▶ [DATA EXTRACTS]
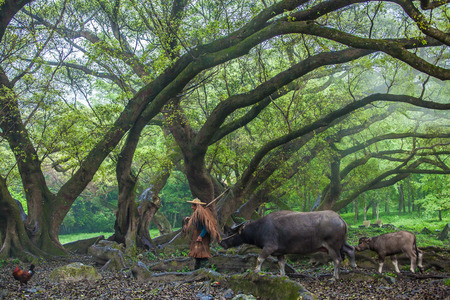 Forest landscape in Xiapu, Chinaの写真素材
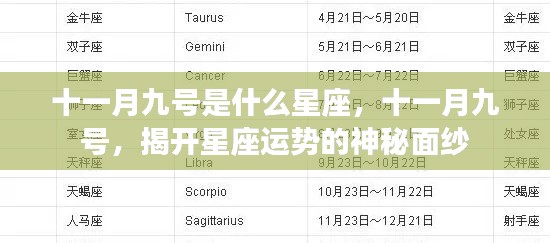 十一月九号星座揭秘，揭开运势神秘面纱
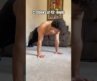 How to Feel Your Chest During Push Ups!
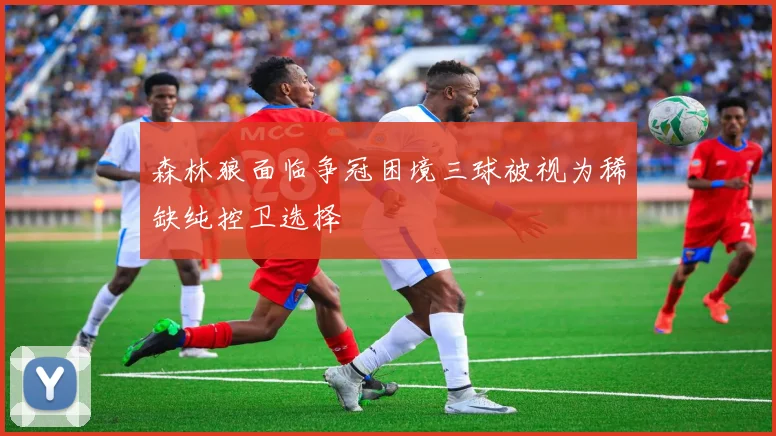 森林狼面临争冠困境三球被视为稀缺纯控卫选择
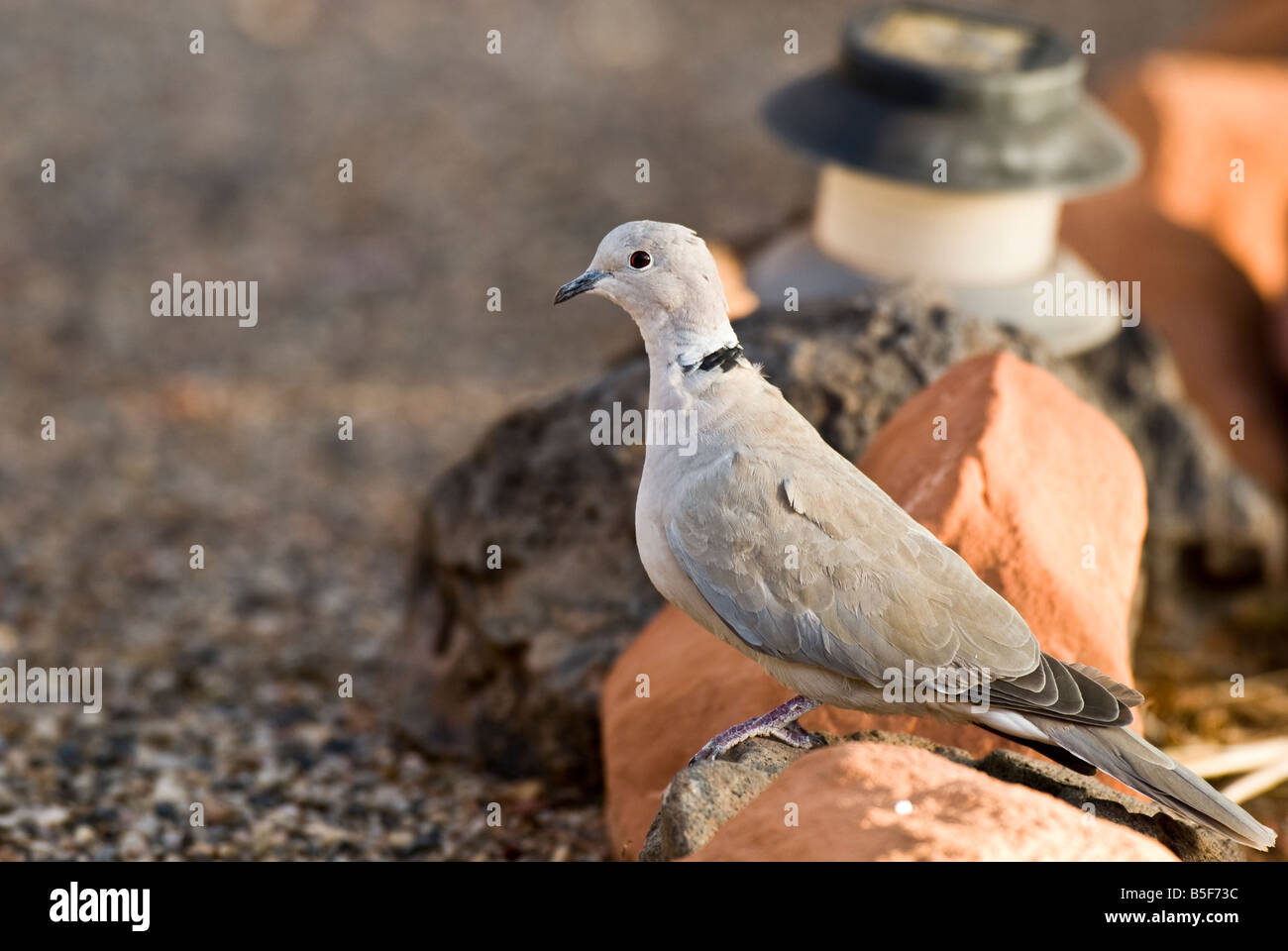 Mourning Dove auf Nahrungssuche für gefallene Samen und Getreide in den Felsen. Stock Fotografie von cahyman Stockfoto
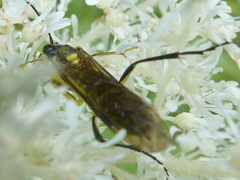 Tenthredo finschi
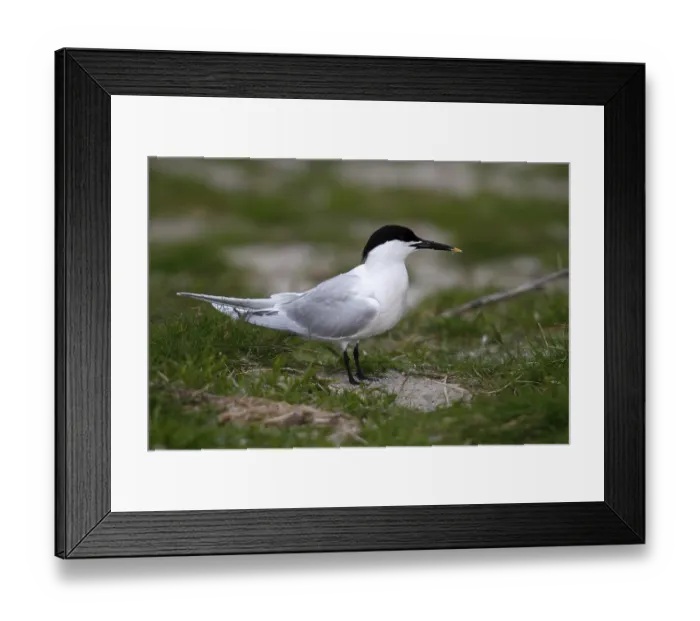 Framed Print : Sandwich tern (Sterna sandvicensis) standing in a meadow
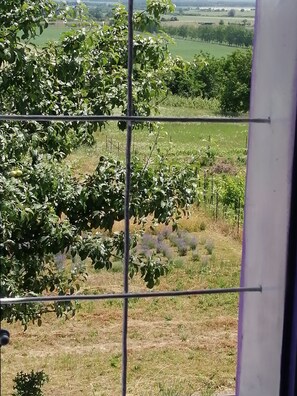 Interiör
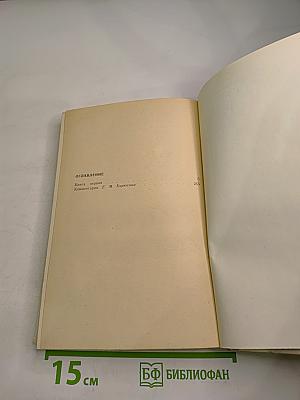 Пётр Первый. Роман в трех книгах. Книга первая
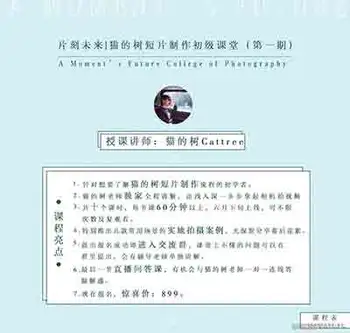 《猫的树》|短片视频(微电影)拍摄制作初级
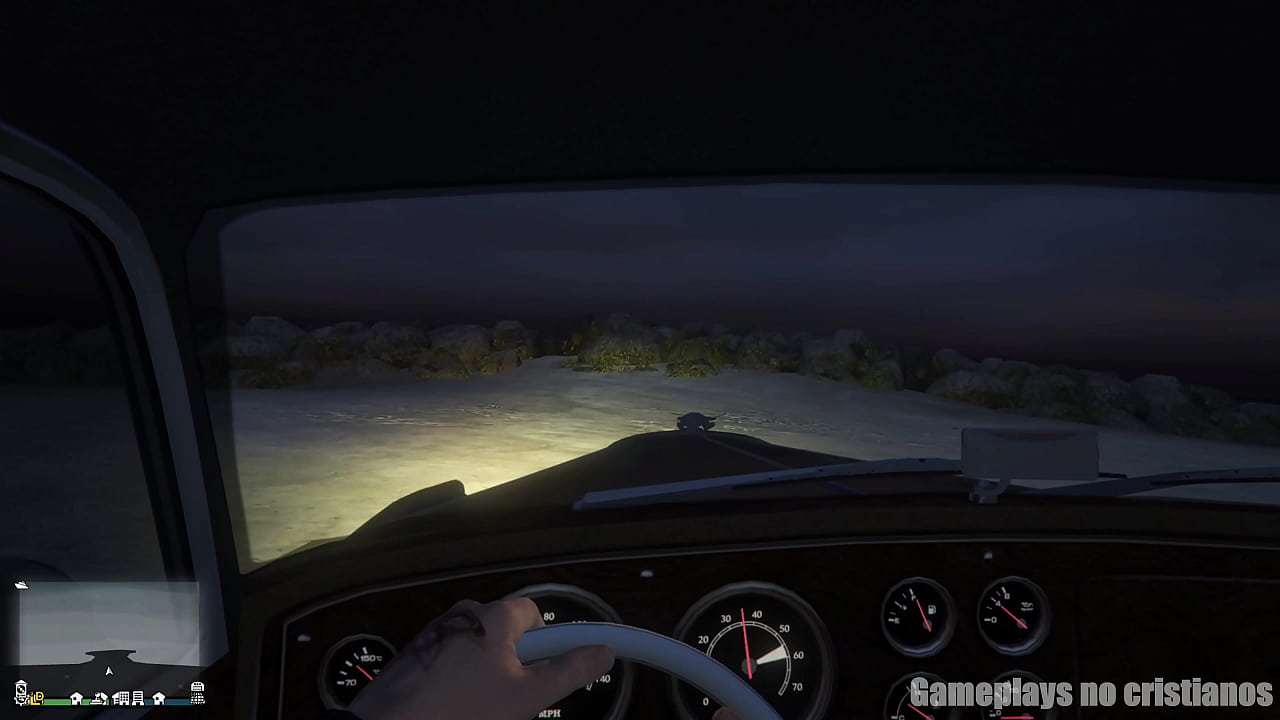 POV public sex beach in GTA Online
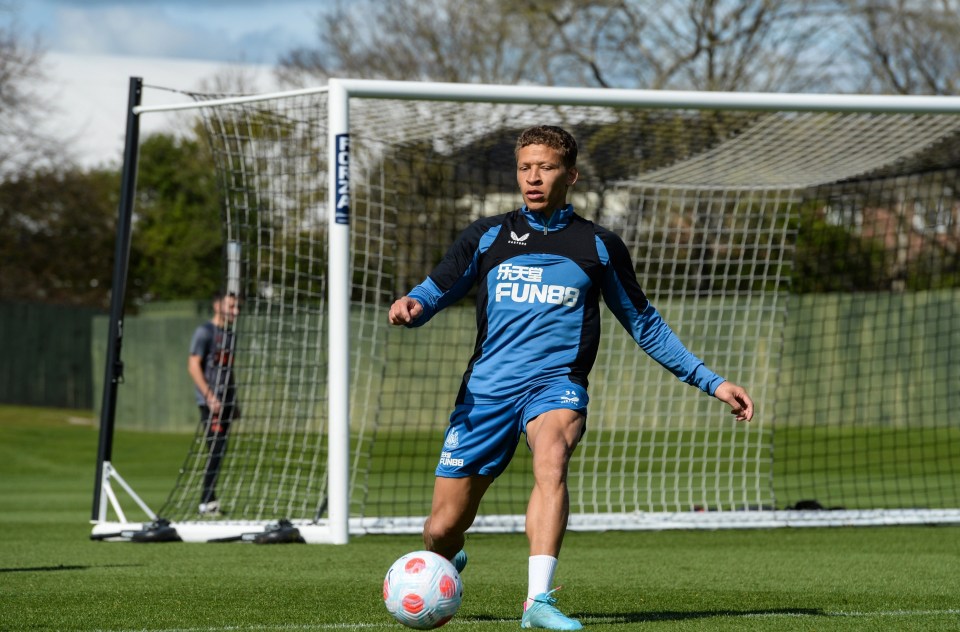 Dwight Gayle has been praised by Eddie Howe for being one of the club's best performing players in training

▶ [WHAT THIS TASK INVOLVES] What you return should be all of the material above, exactly, and none of its pictures.

▶ [RESPONSE FOR THIS EXERCISE]
 Forest landscape in Xiapu, Chinaの写真素材
 十一月九号星座揭秘，揭开运势神秘面纱
 How to Feel Your Chest During Push Ups!
 森林狼面临争冠困境三球被视为稀缺纯控卫选择
 Mourning Dove auf Nahrungssuche für gefallene Samen und Getreide in den Felsen. Stock Fotografie von cahyman Stockfoto
 Tenthredo finschi
 Framed Print : Sandwich tern (Sterna sandvicensis) standing in a meadow
 Interiör
 Пётр Первый. Роман в трех книгах. Книга первая
 《猫的树》|短片视频(微电影)拍摄制作初级
 POV public sex beach in GTA Online
 Dwight Gayle has been praised by Eddie Howe for being one of the club's best performing players in training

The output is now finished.